Aim of the exercise:
Keep the wording of the records intact as you retype them, and omit every image.

Exercise inputs:
###

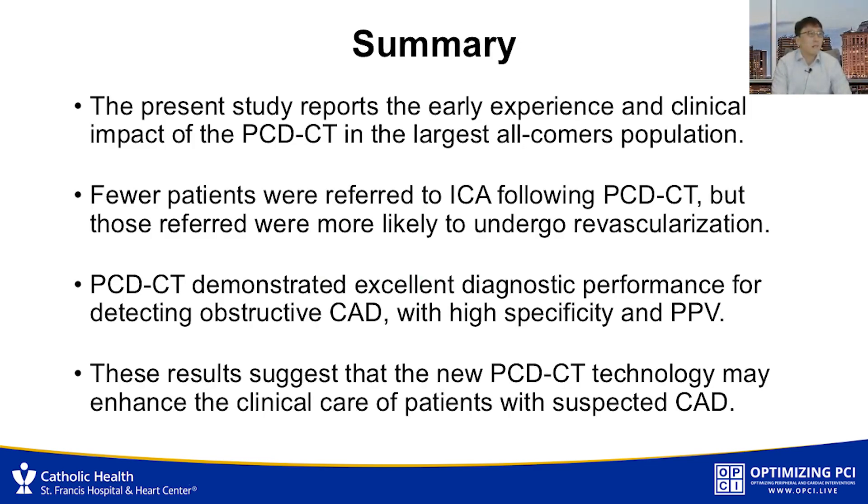So in summary, the present study reports the first experience and clinical impact of photon counting CT in the largest coronary artery population to date. Fewer patients were referred to invasive coronary angiography following photon counting CT, but those referred were more likely to undergo revascularization compared with conventional EID CT. Photon counting CT demonstrated excellent diagnostic performance for detecting obstructive CAD with very high specificity and positive predictive value. These results suggest this new CT technology may enhance the clinical care of patients with suspected CAD.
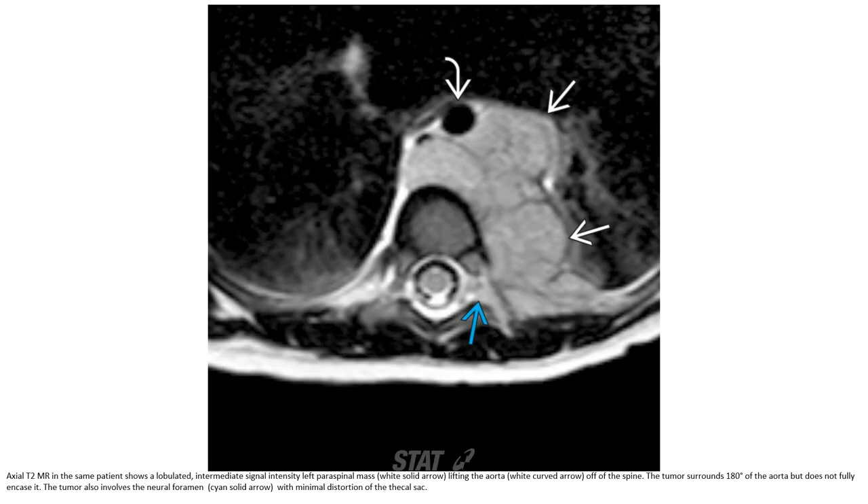This is the T2 MRI of the same patient, showing a paraspinal mass with intermediate signal intensity lifting the aorta away from the spine. The tumor wraps around approximately 180 degrees of the aorta but does not fully encase it. The tumor also involves the neural foramina with minimal distortion of the thecal sac.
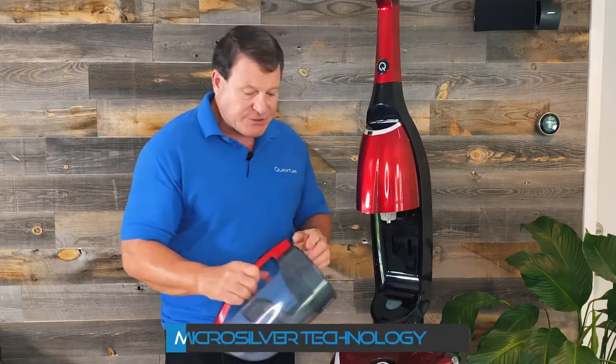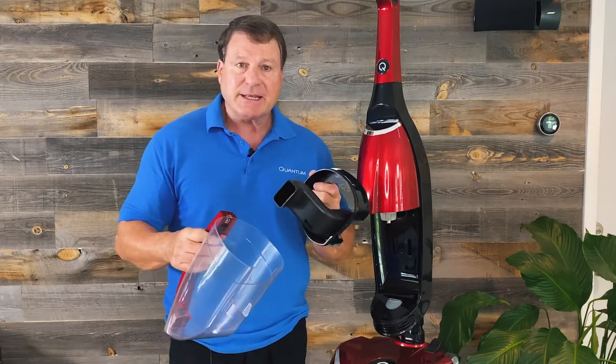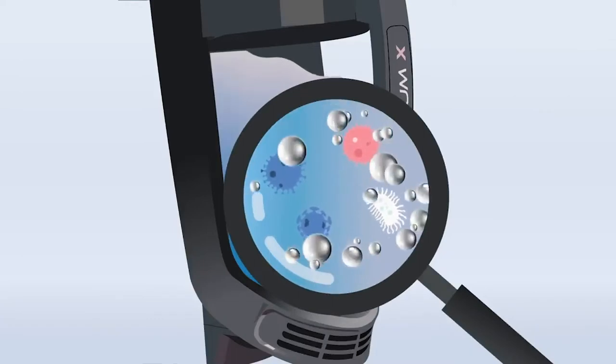Some of the other benefits about water technology that we have only in the Quantum X is our MicroSilver technology, and it's embedded into the plastic here. What's great about it is that bacteria and germs — it can turn around and destroy on contact.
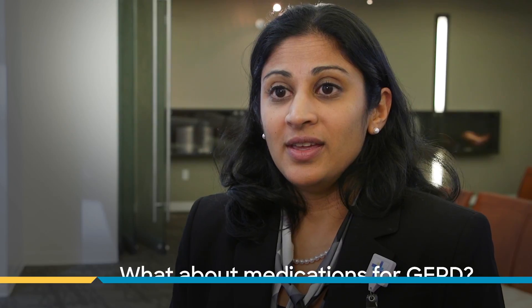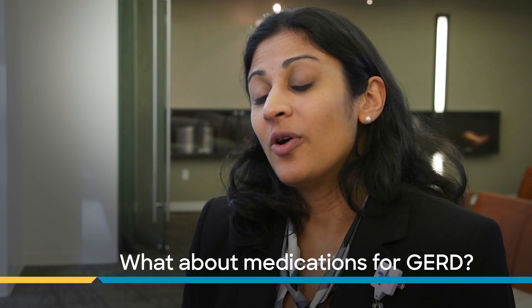The next approach is medications, which are available over-the-counter and by prescription to treat GERD. They may include antacids, histamine receptor blockers, or proton pump inhibitors. Proton pump inhibitors, commonly called PPIs, are very effective at completely suppressing acid in the stomach, so patients aren't as bothered when fluid does come up. It's important to recognize that medications alone don't prevent the fluid from coming up — they remove the acid, but some patients may benefit from anti-reflux procedures.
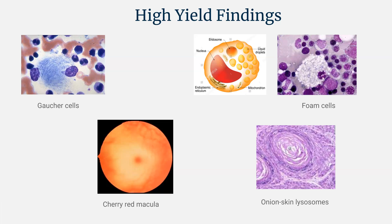This last image is an onion skin lysosome. The concentric rings give the hint of onion skin. If you see this in a lysosomal storage disease question, they're talking about onion skin lysosomes in Tay-Sachs disease. So to distinguish Tay-Sachs from Niemann-Pick: hepatosplenomegaly favors Niemann-Pick, foam cells are seen in Niemann-Pick, and onion skin lysosomes are seen in Tay-Sachs.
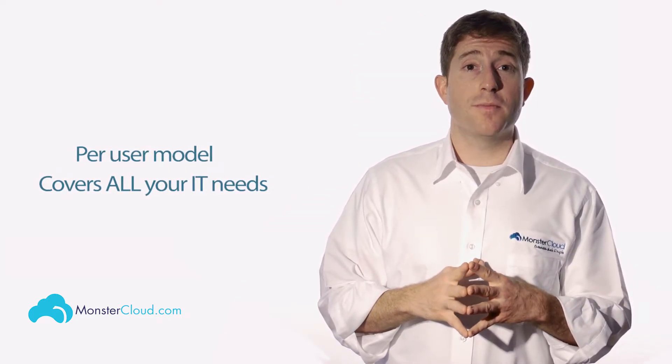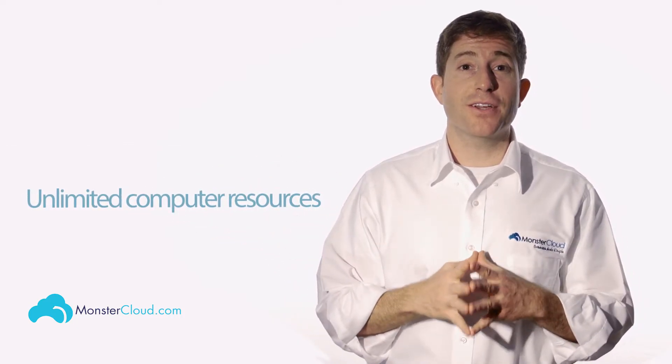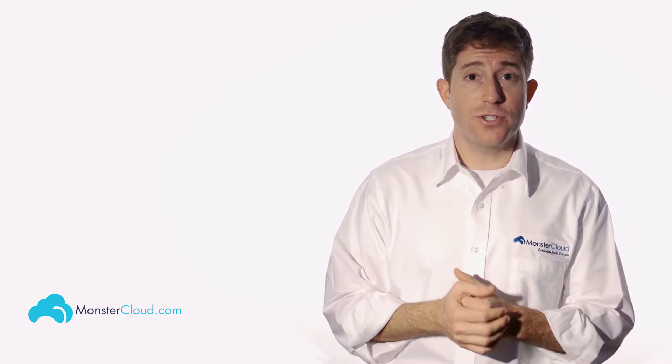Our affordable monthly per-user model covers all your tech expenses. The number of servers, amount of space or memory, even the number of computer resources you use does not affect the cost. And as you have experienced, purchasing more in-office servers is more of a headache than a solution. In addition, you have to buy antivirus and business applications and hire an IT person to manage it.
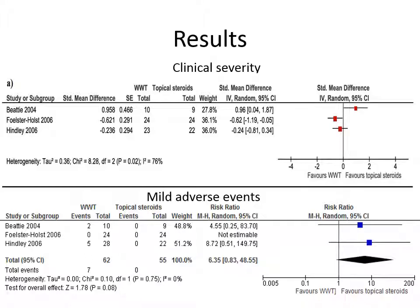As for mild adverse events, the mild adverse events found in these studies were basically local skin infections like folliculitis and infected eczema. Only three studies reported mild adverse events, and in this case we could calculate a pooled estimate — a meta-analysis — that showed a relative risk of 6.35, which was non-significant. So there was a slight tendency toward more infections in patients using wet wrap therapy, but it could not be proven.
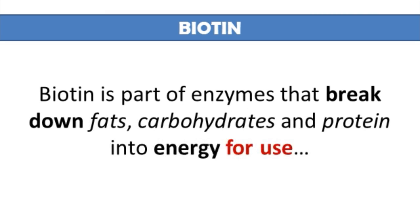As a B vitamin, biotin is part of enzymes that help break down fats, carbohydrates, and proteins into energy. And this is what I'll discuss in a minute.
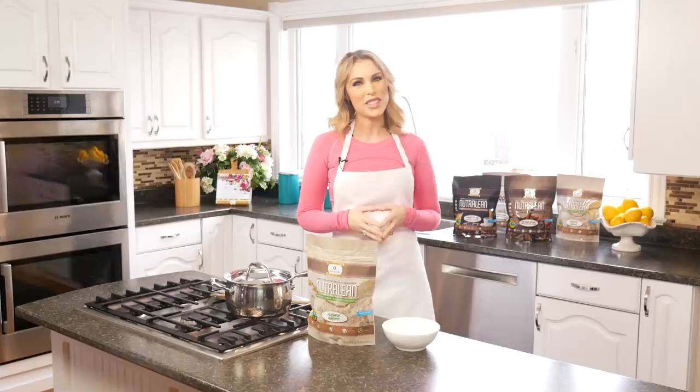Hey guys, welcome to Protein Treats by NutriCell. I'm Melanie Wildman and I'm the founder of NutriCell. Since I had my sleeve almost 10 years ago, I've managed to lose over a hundred pounds and keep it off.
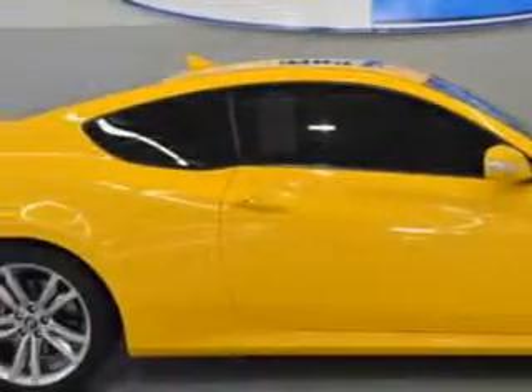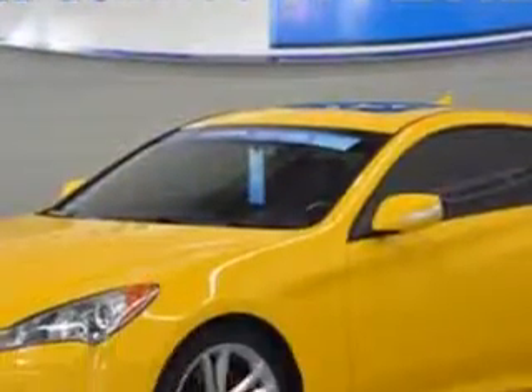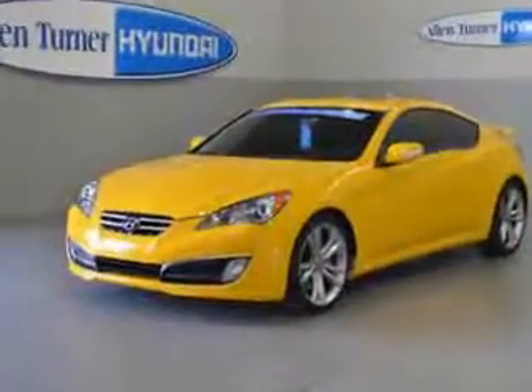Check out this Mellow Yellow 2010 Hyundai Genesis Coupe, equipped with a 6-cylinder engine and an automatic transmission. Enjoy an impressive 26 miles to the gallon on this great car with features like leather upholstery,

###

Reply:
So in summary, the present study reports the first experience and clinical impact of photon counting CT in the largest coronary artery population to date. Fewer patients were referred to invasive coronary angiography following photon counting CT, but those referred were more likely to undergo revascularization compared with conventional EID CT. Photon counting CT demonstrated excellent diagnostic performance for detecting obstructive CAD with very high specificity and positive predictive value. These results suggest this new CT technology may enhance the clinical care of patients with suspected CAD.
This is the T2 MRI of the same patient, showing a paraspinal mass with intermediate signal intensity lifting the aorta away from the spine. The tumor wraps around approximately 180 degrees of the aorta but does not fully encase it. The tumor also involves the neural foramina with minimal distortion of the thecal sac.
Some of the other benefits about water technology that we have only in the Quantum X is our MicroSilver technology, and it's embedded into the plastic here. What's great about it is that bacteria and germs — it can turn around and destroy on contact.
The next approach is medications, which are available over-the-counter and by prescription to treat GERD. They may include antacids, histamine receptor blockers, or proton pump inhibitors. Proton pump inhibitors, commonly called PPIs, are very effective at completely suppressing acid in the stomach, so patients aren't as bothered when fluid does come up. It's important to recognize that medications alone don't prevent the fluid from coming up — they remove the acid, but some patients may benefit from anti-reflux procedures.
This last image is an onion skin lysosome. The concentric rings give the hint of onion skin. If you see this in a lysosomal storage disease question, they're talking about onion skin lysosomes in Tay-Sachs disease. So to distinguish Tay-Sachs from Niemann-Pick: hepatosplenomegaly favors Niemann-Pick, foam cells are seen in Niemann-Pick, and onion skin lysosomes are seen in Tay-Sachs.
Our affordable monthly per-user model covers all your tech expenses. The number of servers, amount of space or memory, even the number of computer resources you use does not affect the cost. And as you have experienced, purchasing more in-office servers is more of a headache than a solution. In addition, you have to buy antivirus and business applications and hire an IT person to manage it.
As for mild adverse events, the mild adverse events found in these studies were basically local skin infections like folliculitis and infected eczema. Only three studies reported mild adverse events, and in this case we could calculate a pooled estimate — a meta-analysis — that showed a relative risk of 6.35, which was non-significant. So there was a slight tendency toward more infections in patients using wet wrap therapy, but it could not be proven.
As a B vitamin, biotin is part of enzymes that help break down fats, carbohydrates, and proteins into energy. And this is what I'll discuss in a minute.
Hey guys, welcome to Protein Treats by NutriCell. I'm Melanie Wildman and I'm the founder of NutriCell. Since I had my sleeve almost 10 years ago, I've managed to lose over a hundred pounds and keep it off.
Check out this Mellow Yellow 2010 Hyundai Genesis Coupe, equipped with a 6-cylinder engine and an automatic transmission. Enjoy an impressive 26 miles to the gallon on this great car with features like leather upholstery,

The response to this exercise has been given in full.